Author: Davy Ellison. Davy is the Director of Training at the College and serves as an elder in the Antrim church. He loves reading, eating white chocolate, and drinking copious amounts of tea.
Four Reasons to Study Theology Academically
As I write I am in the middle of my ninth year of studying theology academically. If that isn’t bad enough, now my job is to teach theology in an academic setting! I have completed an undergraduate Bachelors of Divinity and a postgraduate Masters of Theology. Now I am working on a PhD. Over the past nine years I have learned a lot about God, his Word and myself. It has been a steep, and sometimes difficult, but enjoyable (mostly) learning curve. As I reflect on those years of study I want to offer four reasons to study theology academically.
Studying theology academically opens up a whole new world of authors.
For those who enjoy reading this is an exciting prospect. Many readers in our local churches have come across authors like John Piper, Jerry Bridges, Kevin DeYoung, Christopher Wright, and Paul Tripp. However, in the academic world there is a vast array of new authors who have not published any ‘popular’ works. People such as Bruce Waltke, Gard Granerød, Carl Armerding, Gerard Van Groningen, Meredith Kline, Herman Ridderbos, and Millard Erickson.
That being said, some of the authors in academic circles are not hugely beneficial or edifying for the Christian. But many others have pertinent insights, alternative perspectives and unique experience and knowledge in their field of study. Personally, I have found scores of academic scholars not only informative but inspiring and a blessing as they have opened up a passage, an aspect of Christ’s work or an element of God’s character. Moreover, it is more than likely that if I had never studied theology academically I would never have come across many of these names. Studying theology academically opens up a whole new world of authors.
Studying theology academically aids the development of analytical ability.
Obviously this is a skill that is developed through academic study of any kind. Nevertheless, I believe it warrants specific mention in relation to theology due to the propensity of (perhaps even often blind) dogmatism in many Christian circles. Each of us is guilty of this to a greater or lesser degree – we pick our theological camp and argue all of their positions to the death.

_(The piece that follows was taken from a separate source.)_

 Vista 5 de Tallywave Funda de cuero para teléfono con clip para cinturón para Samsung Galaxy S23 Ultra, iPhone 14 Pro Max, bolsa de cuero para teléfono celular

Something I have learned quickly through my study of theology in an academic setting is that no one ‘camp’ has all of the answers. Certain scholars have particularly good insights in one of two areas, while certain schools of thought tend to be particularly strong on a small handful of doctrines. A healthy, well-rounded theology is one that is developed, grown, and matured by appreciating the good, beneficial and profitable aspects of a variety of contributors, while overlooking or challenging the errors.
The reality is that absolutely no-one has got absolutely everything right, and almost no-one has got absolutely everything wrong. It is important that as Christians we develop an ability to analyse and critique arguments to protect ourselves from error. Studying theology academically aids that development.

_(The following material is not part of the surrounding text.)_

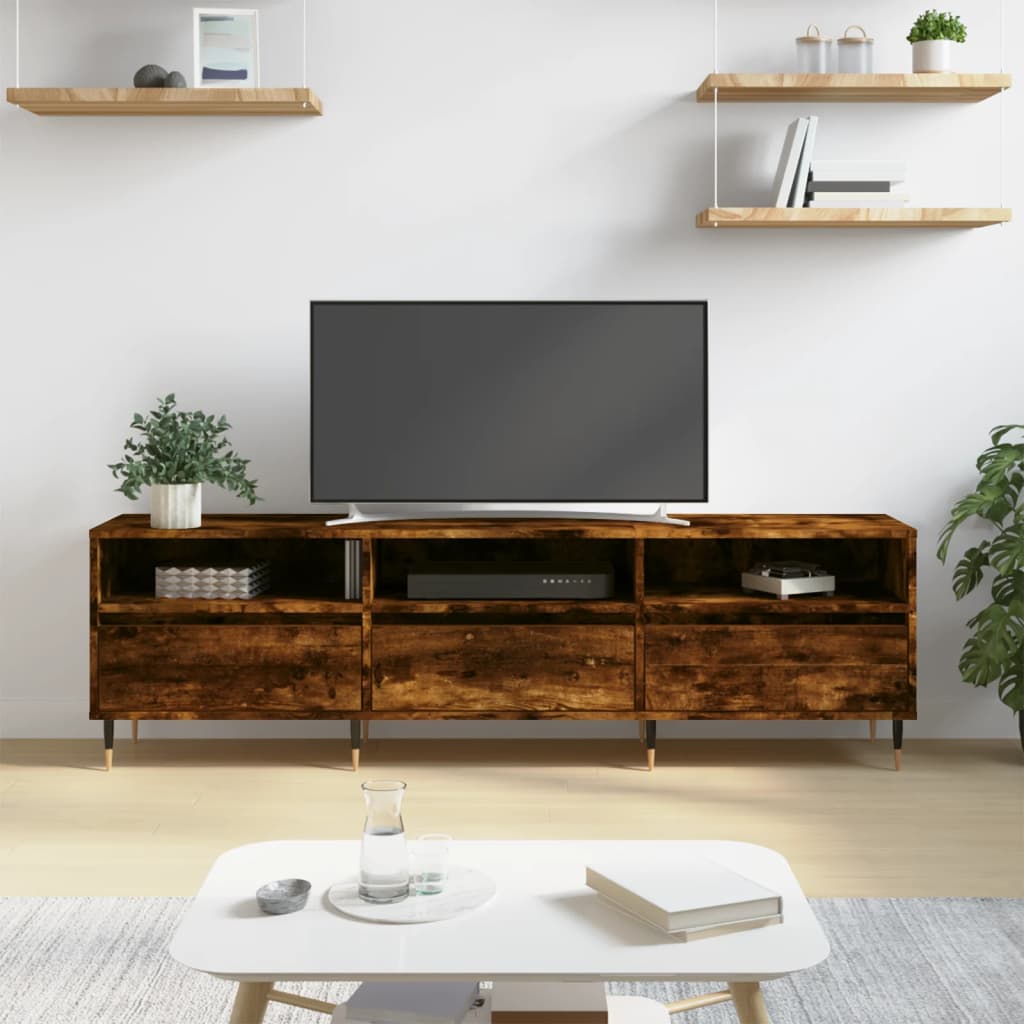 TV Cabinet Smoked Oak 150x30x44,5 cm Engineered Wood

Studying theology academically reveals trends which will challenge the church in the coming decades.
Something that surprised me time and time again was to read prominent theological writers of the early twentieth century only to find some of the same doctrinal errors that appeared in many popular works in the 1980s, 1990s and 2000s.

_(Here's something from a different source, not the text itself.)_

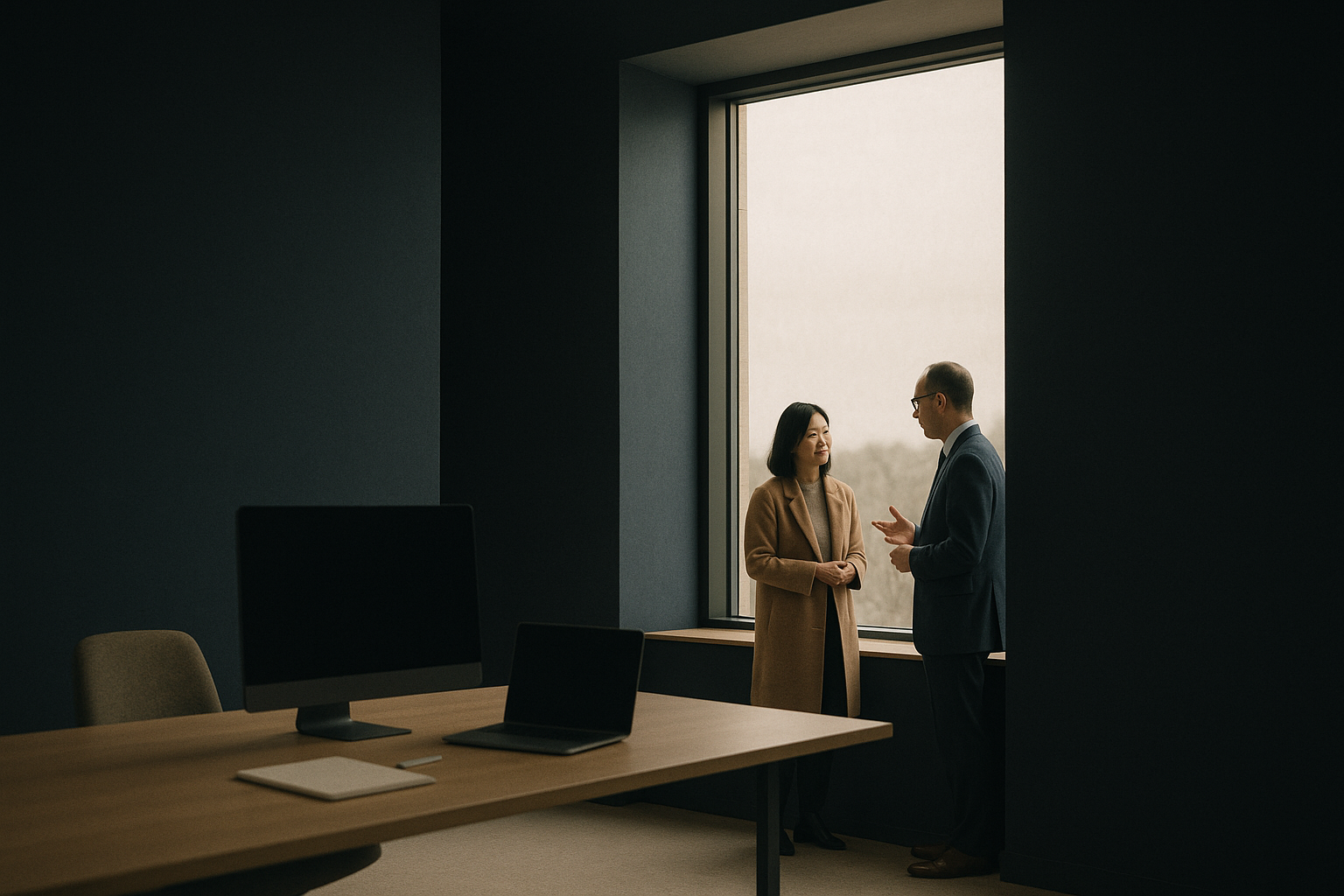 Executive workspace illustrating a digital marketing strategy for healthcare with blank screens.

The reality is that many issues which are discussed and debated in academic theological circles often trickle down into popular thinking several decades later. Those ideas or conclusions which are novel (and frequently argued in a compellingly fashion) are soon embraced by talented authors and speakers who are seeking to set the church or Christianity on a new, brave course that will be more faithful to Jesus and relevant to the world. However, as the author of Ecclesiastes has so famously reminded us, there is nothing new under the sun (Eccl. 1:9).
If you have studied, read and dissected these arguments previously you are that little bit more prepared for the battle which lies ahead in the pews. This is surely one of the most beneficial reasons for pastors to have studied theology academically, and one of the easiest applications of academic theological study to the life of the church.
Studying theology academically requires time built into your schedule for studying God and his Word.
This is arguably the most profitable aspect of studying theology academically. Having paid a reasonable sum of money; having scheduled classes; having particular texts to read; having a deadline for assignments; all of this leads to time being devoted to studying God and His Word.
It has been a wonderful privilege to spend hours upon hours reading Greek texts and parsing Paul’s letters. It has been both difficult and illuminating to delve into the liberal scholars of the early/mid-nineteenth century. It has been hugely exciting to open up the world of Old Testament studies with Childs, Goldingay, Longman and Wenham. All of which I would never have had the opportunity (nor possibly the inclination) to do so if I was not studying theology academically.
As I finish allow me to be the first to state that this will not make you a better Christian. In fact it is quite possible to be immersed in the world of academic theology and not be a Christian. When Christ returns he will not look for people with PhDs and MThs. However, that does not mean that everyone involved in academic study of theology is dry, boring, liberal (in the bad sense) and out of touch with real life. I would seek to argue quite the opposite. Academic study of theology, when carried out in the correct manner, is invigorating, edifying and to God’s glory.
It is not for everyone, but if some of the points above strike a chord with you perhaps you should consider studying theology academically.